* [Input for this task]:
= = =

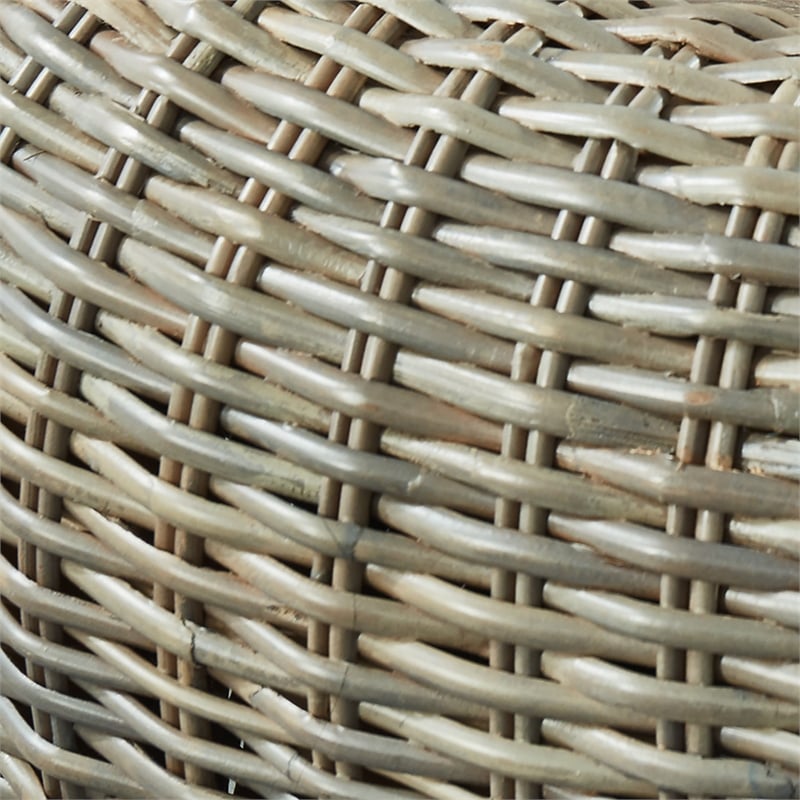 Furniture of America Lafleur Transitional Cobu Rattan Coffee Table in Brown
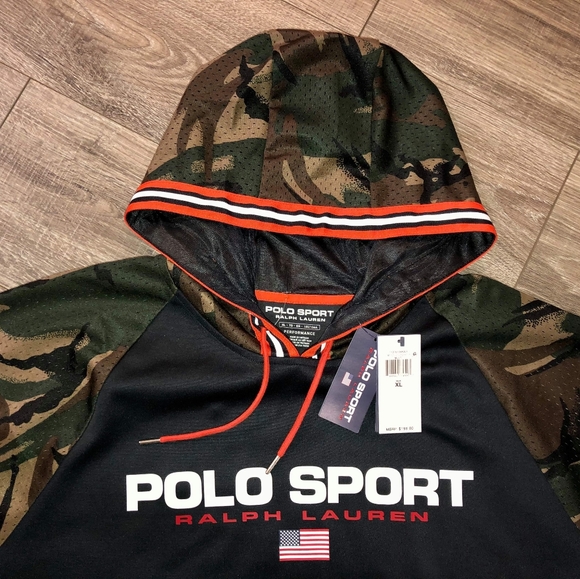 Polo Ralph Lauren Sport Camo Men’s Hoodie - Picture 2 of 3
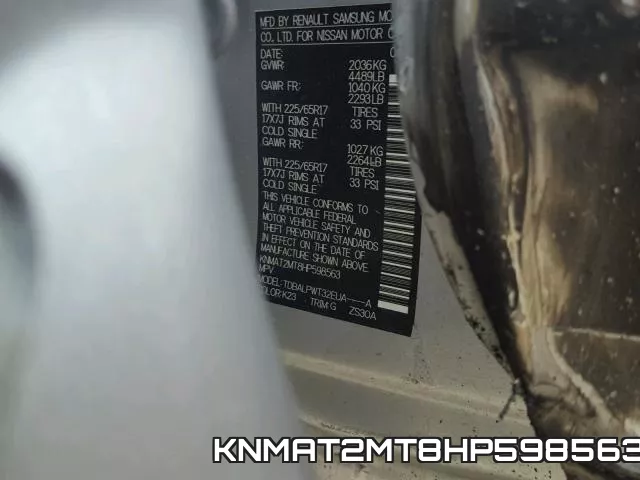 KNMAT2MT8HP598563 фото 2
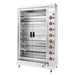 24kW. Capacity: 48x 1.2 kg birds on 8 spits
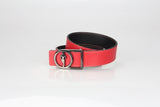 Red-Black reversible Belt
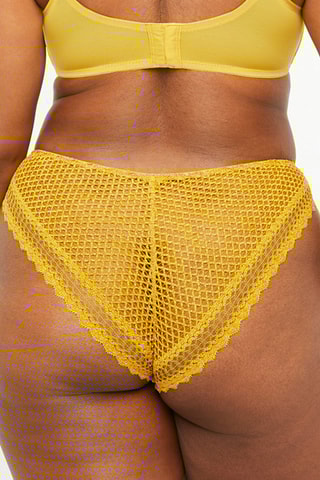 Slip Velvet Vixen - Geel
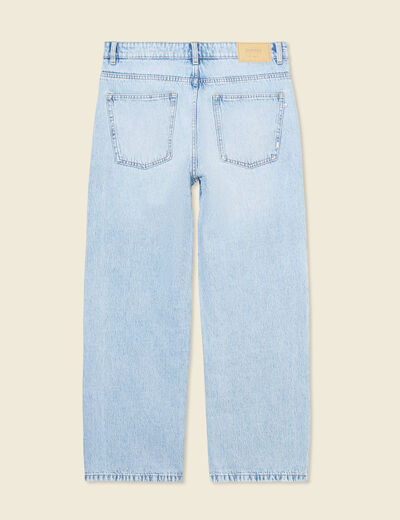 Jeans large 5 poches denim snow bleach homme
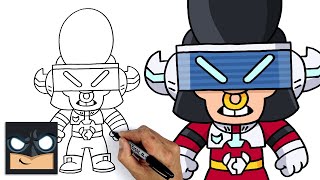 how to draw space ox bull brawl stars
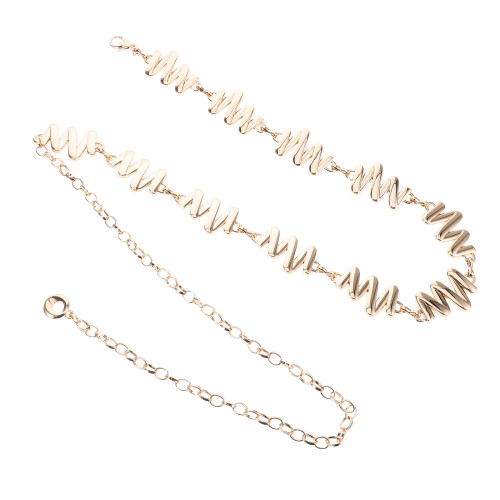 Ceinture Taille Métal Glossy Sophistiquée
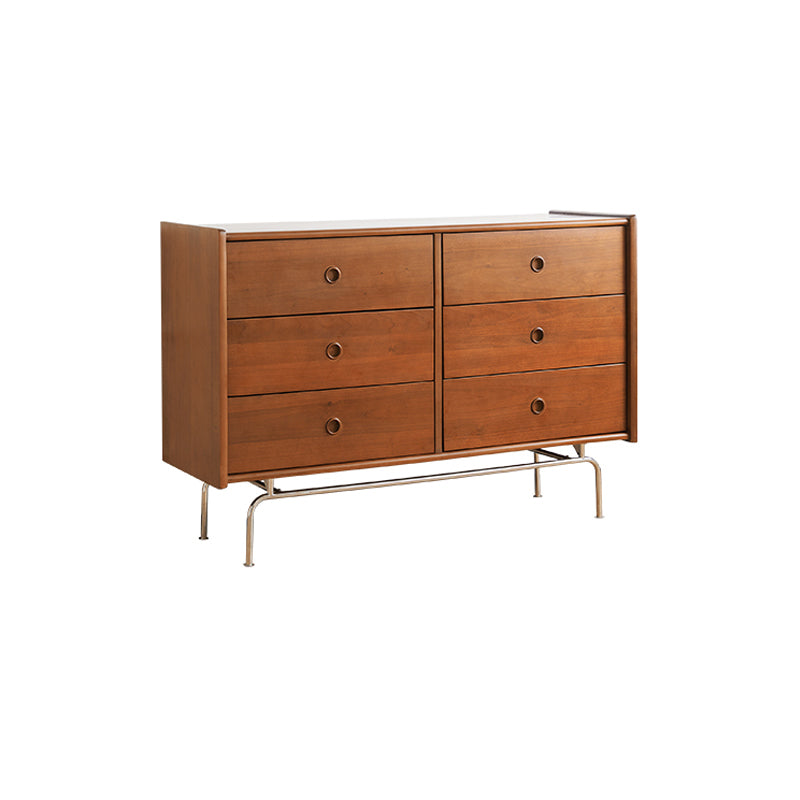 Solid Wood Storage Chest Modern Storage Chest Dresser with Drawers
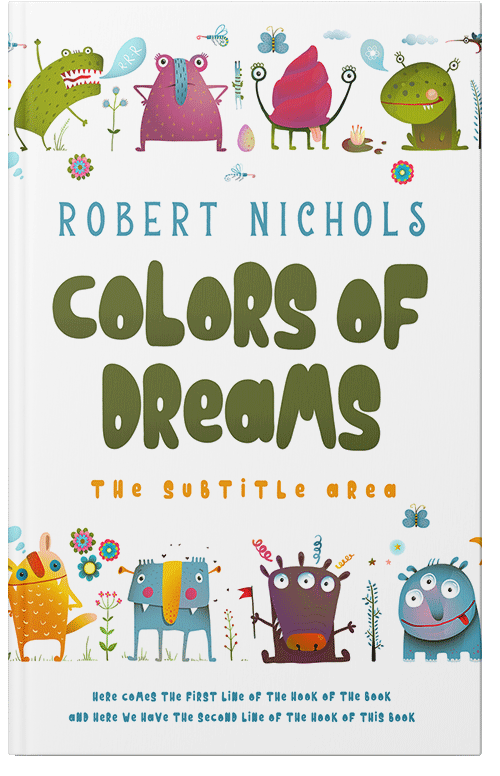 Front view of Premade Horror Book Cover - Pesto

= = =

* [What is needed]: Excluding all pictures, print exactly and only the lines from the line with "Polo Ralph Lauren" through the end of the records above, both ends included.

* [Your response]:
 Polo Ralph Lauren Sport Camo Men’s Hoodie - Picture 2 of 3
 KNMAT2MT8HP598563 фото 2
 24kW. Capacity: 48x 1.2 kg birds on 8 spits
 Red-Black reversible Belt
 Slip Velvet Vixen - Geel
 Jeans large 5 poches denim snow bleach homme
 how to draw space ox bull brawl stars
 Ceinture Taille Métal Glossy Sophistiquée
 Solid Wood Storage Chest Modern Storage Chest Dresser with Drawers
 Front view of Premade Horror Book Cover - Pesto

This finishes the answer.